Through the slightly hazy air (due to a nearby forest fire), it was still easy to make out what is known as The Middle Teton Glacier, a white patch on the grey mountains. After pointing the glacier out, our guide explained that in the past 60 years, the glacier had shrunk by 25%. While glaciers are a relatively insignificant part of the beauty of this particular park, their retreat shows one of the many effects that climate change is having on National Parks.
In fact, climate change is threatening all of our country’s National Parks to varying degree, leading to the unfortunate truth that our National Parks are going to change. An article by Oliver Milman, an environmental reporter for The Guardian, explains what changes are occurring and how they are transforming parks. Milman highlights the shrinkage of glaciers, the increase of wildfires, and sea level rise as pressing issues for the maintenance of parks as we know them.
As climate changes, it is only to be expected that National Parks change too, with highly interdependent ecosystems struggling to adjust to single changes that have giant impacts. Glaciers are melting across the US, affecting parks ranging from the Grand Tetons to Yosemite to Glacier National Park itself. It is hard to imagine exactly what to do with a park named for its glaciers, when those glaciers are likely going to disappear by the middle of the century. In the Everglades, rising sea levels bring rising levels of salt to the marsh, threatening the lives of various species of plants and animals. Wildfire season is expanding, shorter winters are causing an increased threat to plants from bugs whose populations remain stronger even through the colder months, and warmer weather is pushing certain species of plants and animals up to higher elevations. Certain parks, such as Glacier National Park and Joshua Tree National Park, see a high level of threat to the very objects the parks are named after.

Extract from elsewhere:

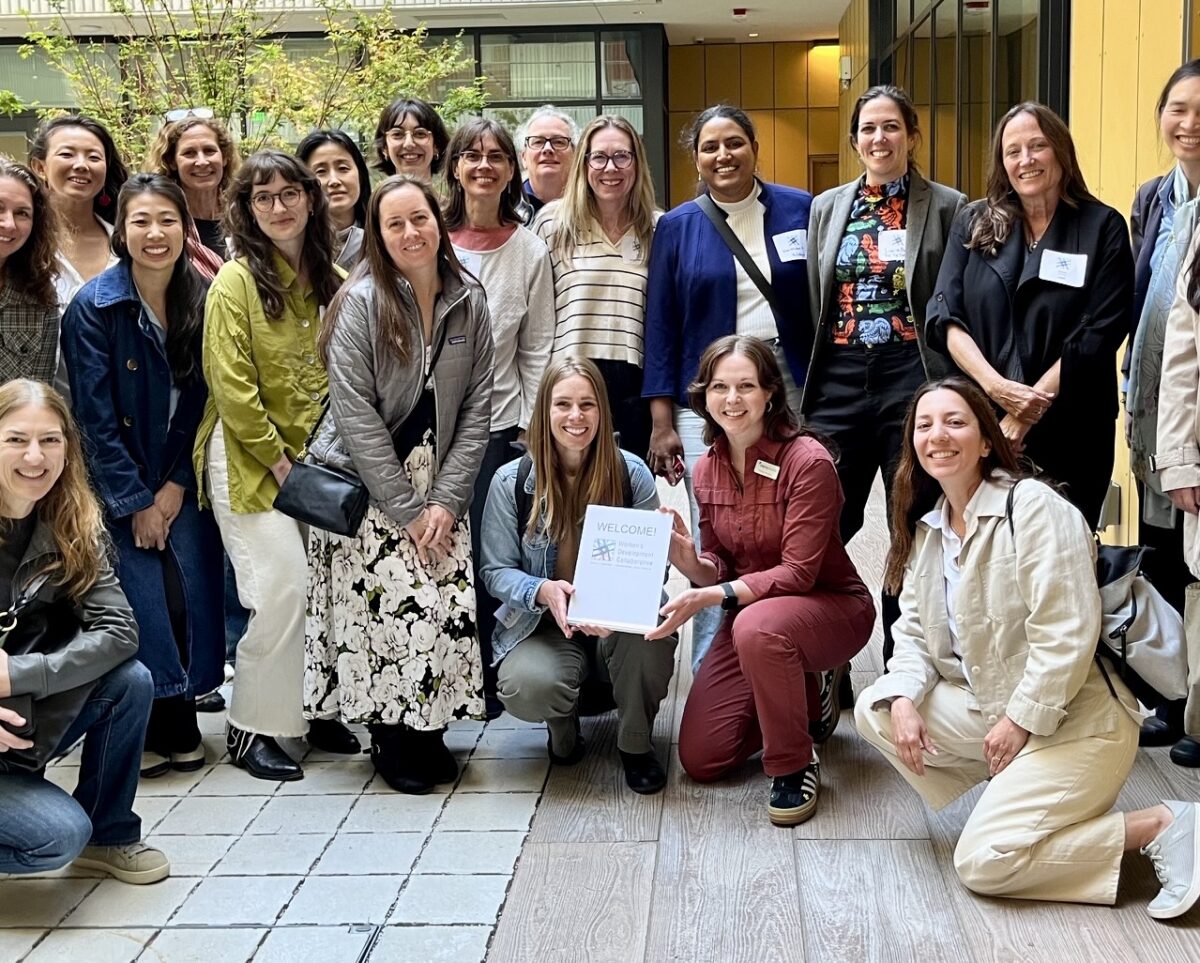 Members of the Women’s Development Collaborative, a diverse group of women in casual clothing, smile together for a photo in the courtyard at The Kelsey Civic Center, a modern apartment building. Windows, trees, and yellow walls are visible behind them. Some women stand while others kneel in front of them. Two of the women kneeling hold a small sign that reads, “Welcome!” with the Women’s Development Collaborative logo on it.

These changes are significant and multi-dimensional. One single change can spread across an entire food chain, and the changes caused by the climate aren’t small. Even if emissions were cut back, the damage done to existing environments is unlikely to reverse, and with the Trump administration refusing to acknowledge climate change as a significant (or even existent) issue.

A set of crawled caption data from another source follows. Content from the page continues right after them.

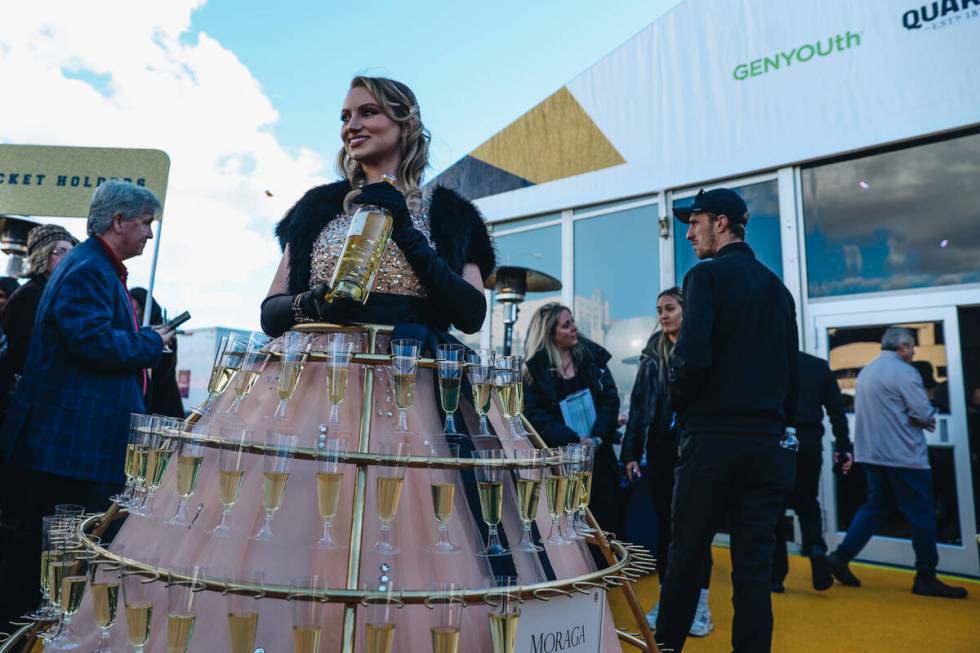 A woman wearing a dress holding wine glasses stands outside stands outside at the Taste of NFL ...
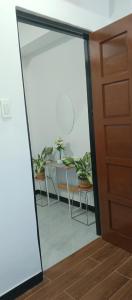 a glass door leading into a room with a table with potted plants at Kings'Palms Residence01 in General Santos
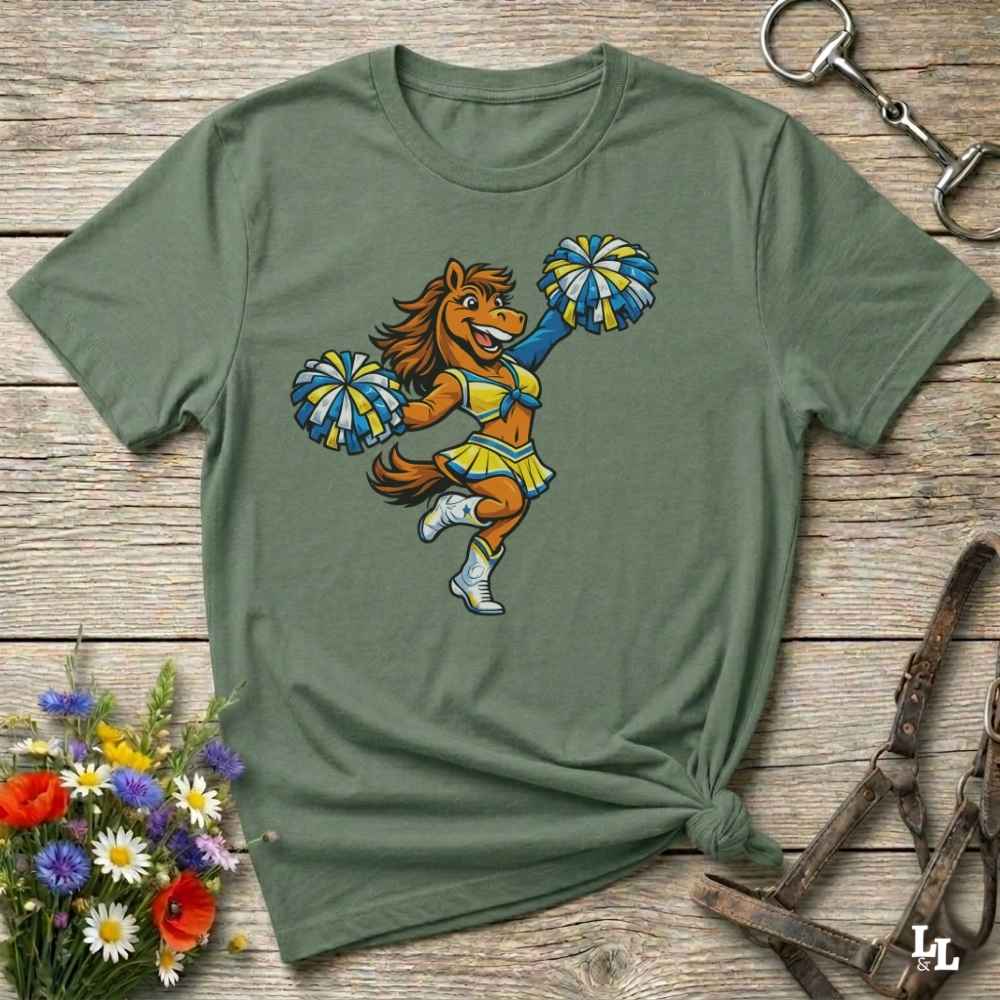 green  t-shirt with a cartoon horse cheerleader design on a wooden surface with flowers and a horse bit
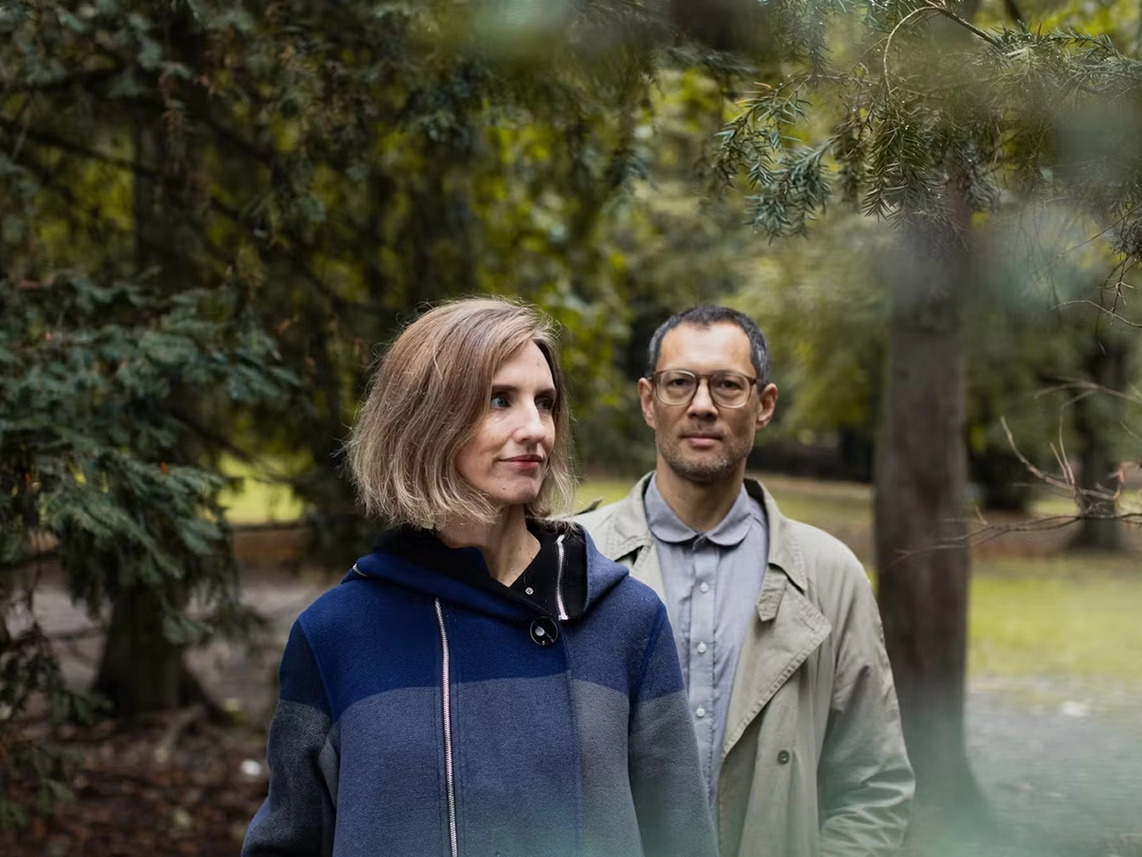 Two people wondering around in a park.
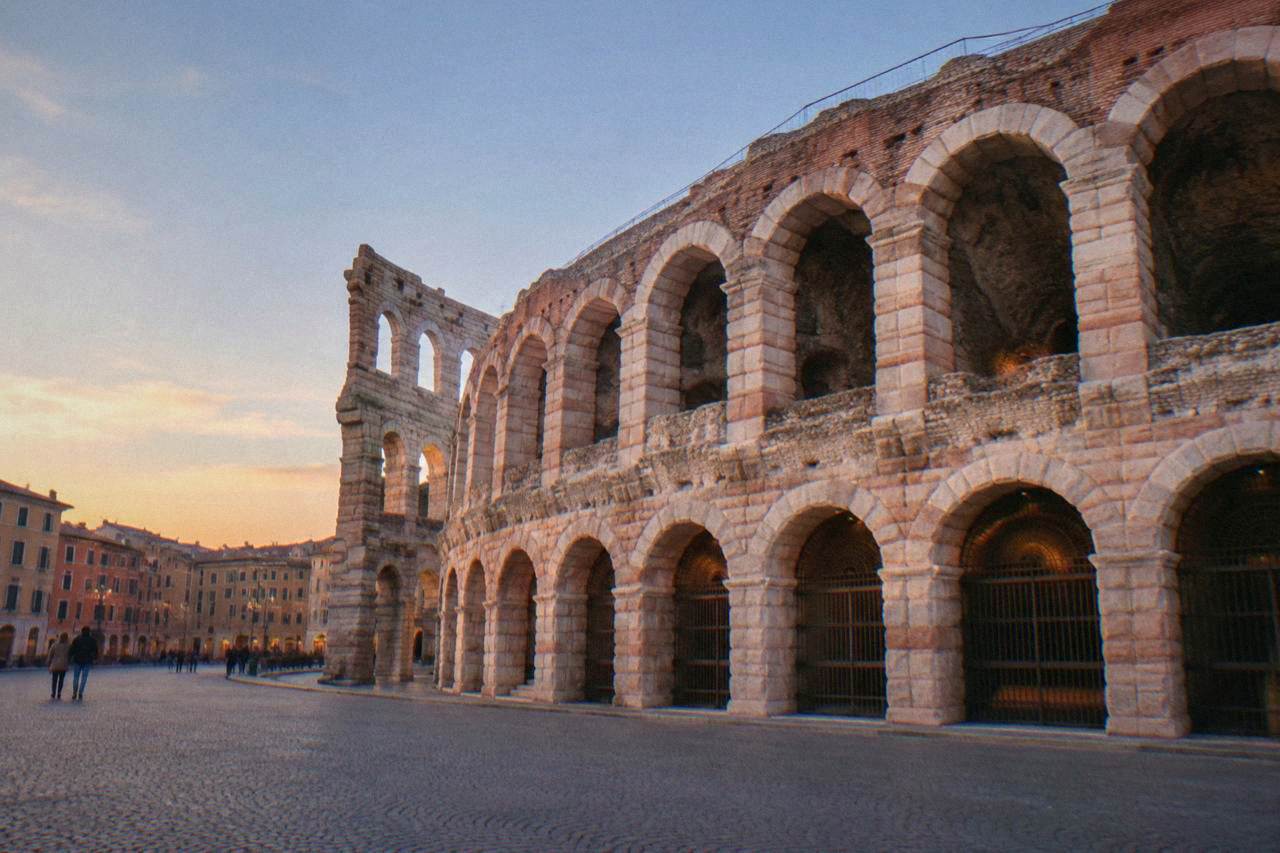 The pink stone tiers of the Verona Arena rising above Piazza Bra at golden hour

However, just because parks are changing, there will still be beauty in the nature that will exist in the future. An article for National Geographic by Michelle Nijhuis describes what the role of directors of these parks in adapting to change, maintaining traditional environments, and protecting threatened landscapes/species. Since first forming in 1916, the National Park Service’s mission has been to: “preserve unimpaired the natural and cultural resources and values of the national park system for the enjoyment, education, and inspiration of this and future generations.” (Source)

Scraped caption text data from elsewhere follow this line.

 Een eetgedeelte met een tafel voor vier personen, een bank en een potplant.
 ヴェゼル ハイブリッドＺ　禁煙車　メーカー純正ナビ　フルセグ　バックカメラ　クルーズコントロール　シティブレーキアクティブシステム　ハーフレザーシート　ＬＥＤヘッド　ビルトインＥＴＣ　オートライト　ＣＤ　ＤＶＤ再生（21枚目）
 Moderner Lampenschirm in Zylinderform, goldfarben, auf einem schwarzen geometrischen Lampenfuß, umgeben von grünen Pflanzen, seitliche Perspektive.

Michelle Nijhuis explores exactly what is meant by “unimpaired” in her article, “How the Parks of Tomorrow Will Be Different.” Originally, parks made the effort to keep landscapes the same as they had been historically, through actions such as preventing wildfires. As knowledge expanded, this mission changed to allow the environment to adapt on its own, through actions such as allowing wildfires to keep burning and reintroducing extinct wolf populations in Yellowstone in the hope that the ecosystem would be able to support itself.
Now, climate change is leading to a new question about the role of the National Park Service. Historic landscapes are going to change, and the idea of simply letting parks be does not seem like the proper solution. A consensus has not quite been reached, but park rangers are attempting to mitigate damage to certain species by transporting them to more favorable environments with warming weather.
Climate change poses a significant danger to parks, but it does not mean the end of beauty of nature. While these parks are changing, both nature and park rangers are making an effort at resilience. Even if Glacier National Park no longer includes glaciers, it will still be home to magnificent mountains and stargazing.